Each line in the material below, starting at the one with "Yellow Diamond Print Tunic Dress" and ending at the one with "Dessous-de-verre En Papier", is to be reproduced exactly; no picture is to be copied.

--------

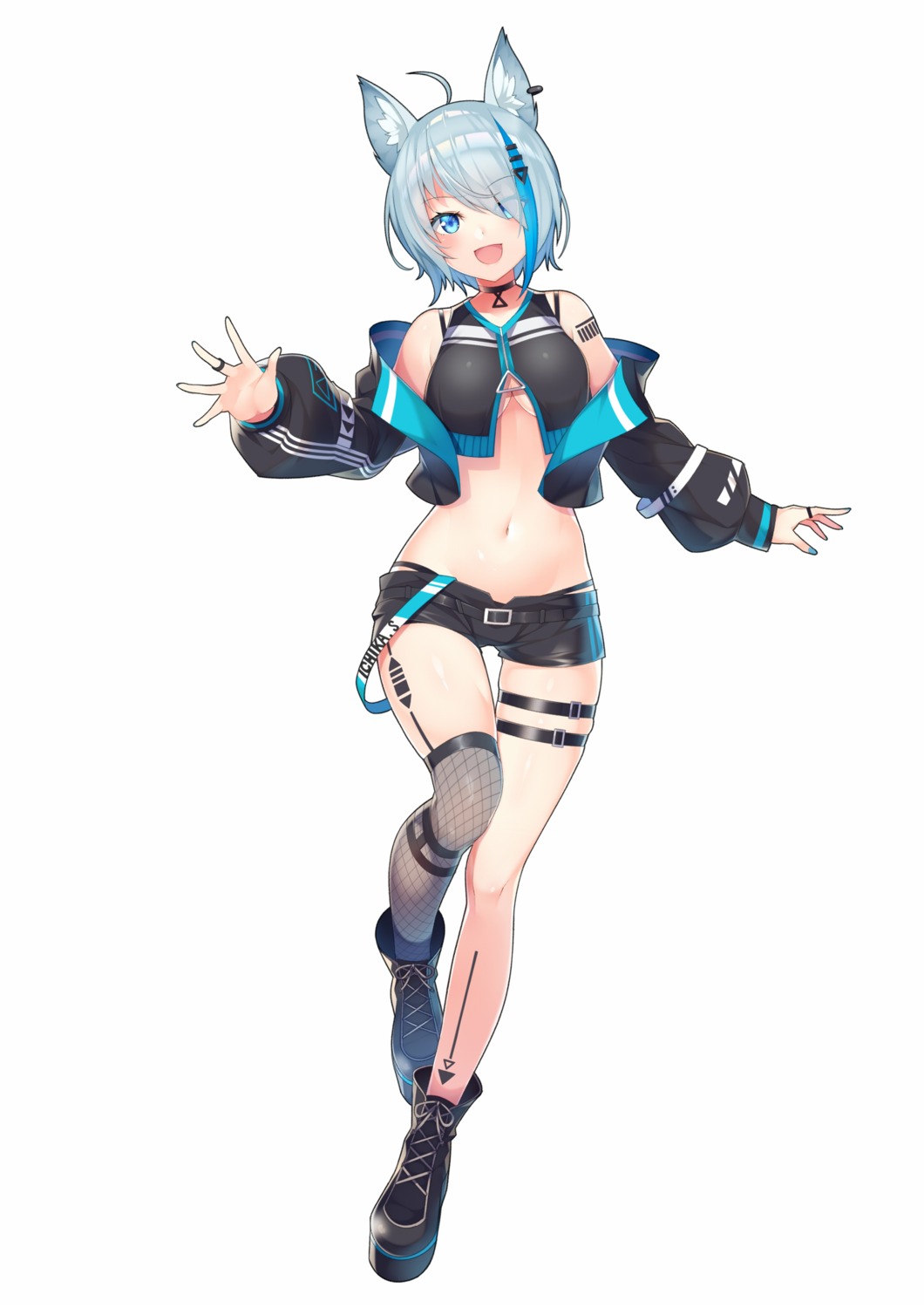 animal_ears, animare, cleavage, fishnets, garter, kokka_han, nanashi_inc., no_bra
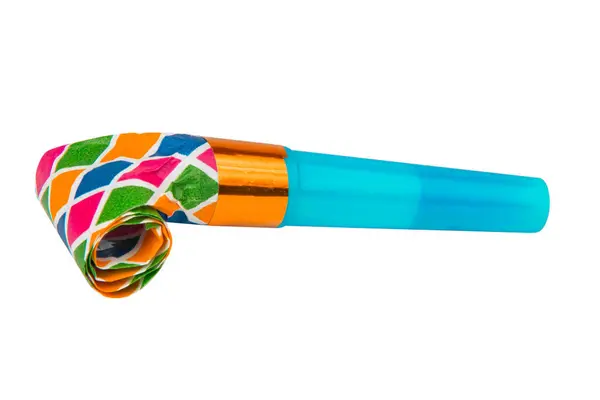 Party Blower Horn Noisemaker Rolled Birthday Isolated White Background — Stock Photo, Image
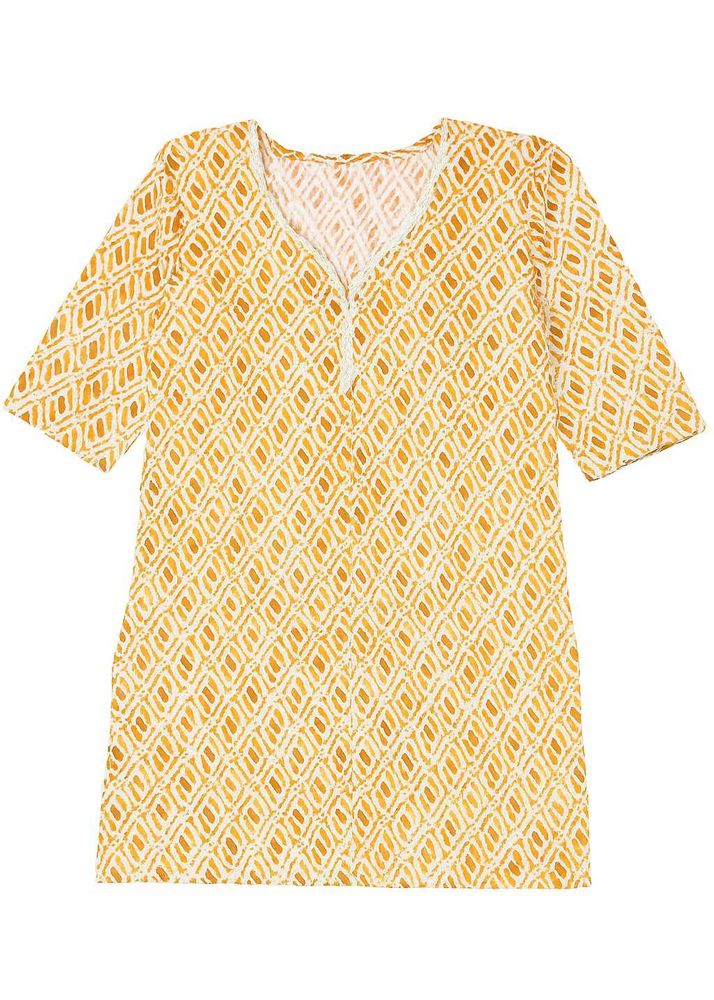 Yellow Diamond Print Tunic Dress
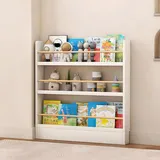 Schlankes Bücherregal aus Holz für kleine Räume – 3 Etagen, schmales Bücherregal, 10 cm breit, ideal für Schlafzimmer, Büro oder Arbeitszimmer, platzsparende Aufbewahrungslösung (Weiß, 100 cm)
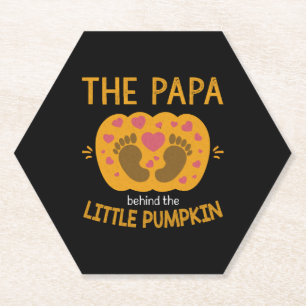 Dessous-de-verre En Papier Papa Derrière le Citrouille Little Fall Automne Ba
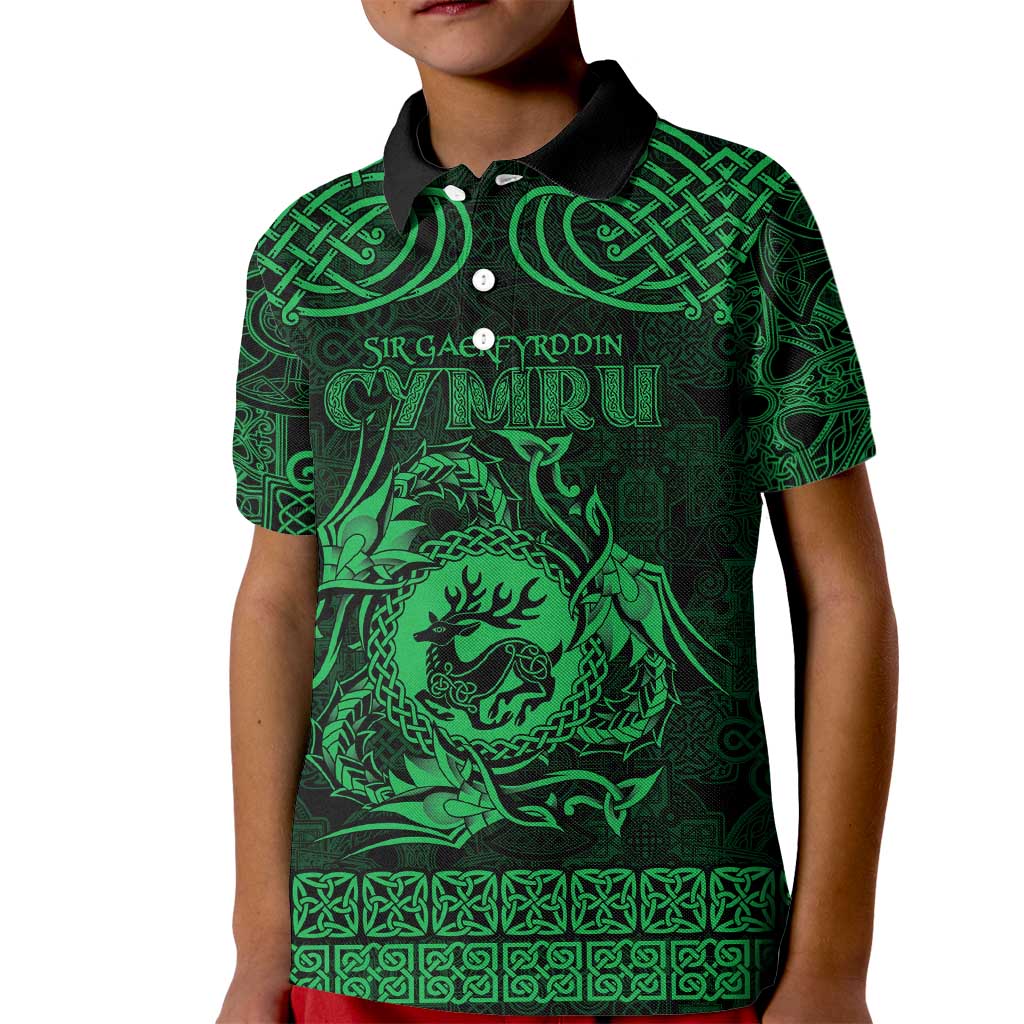 Personalized Carmarthenshire Sir Gaerfyrddin Kid Polo Shirt Green Deer Stag Celtic-inspired - Wonder Print Shop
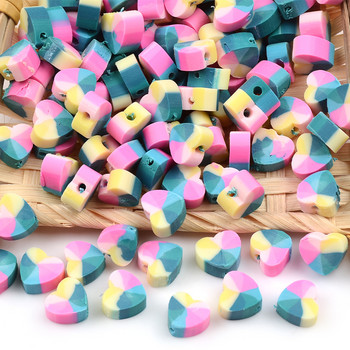 3 είδη χρωμάτων Heart Loose Polymer Clay Beads Spacer Disc Beads for Jewelry Making Handmade DIY αξεσουάρ βραχιολιών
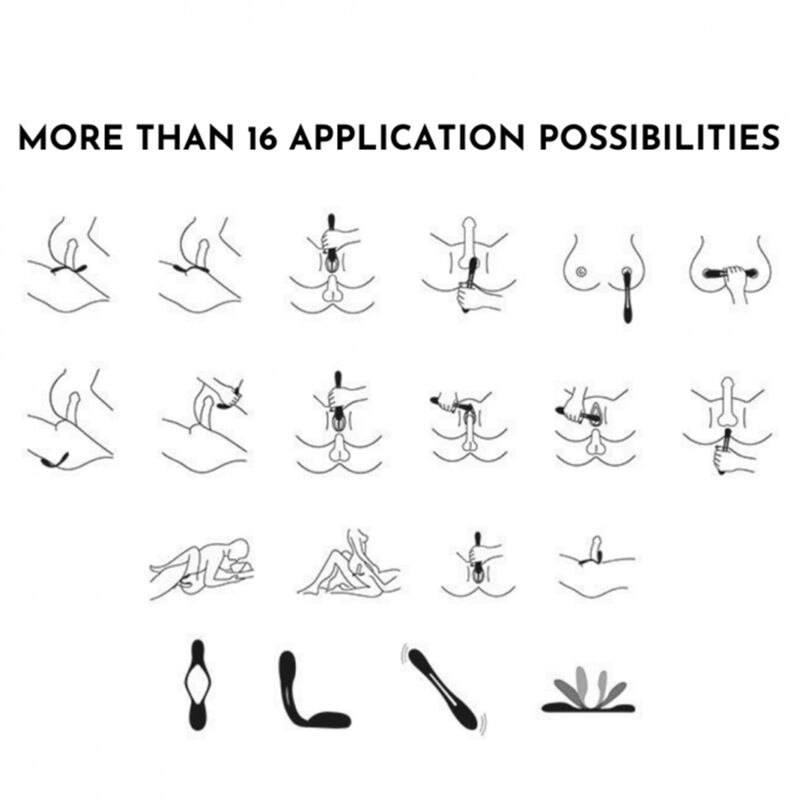 Illustrationen von Anwendungsmöglichkeiten. Mehr als 16 Anwendungen. Schwarz-weiße Illustrationen von Piktogrammen.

--------

Result:
 Yellow Diamond Print Tunic Dress
 Schlankes Bücherregal aus Holz für kleine Räume – 3 Etagen, schmales Bücherregal, 10 cm breit, ideal für Schlafzimmer, Büro oder Arbeitszimmer, platzsparende Aufbewahrungslösung (Weiß, 100 cm)
 Dessous-de-verre En Papier Papa Derrière le Citrouille Little Fall Automne Ba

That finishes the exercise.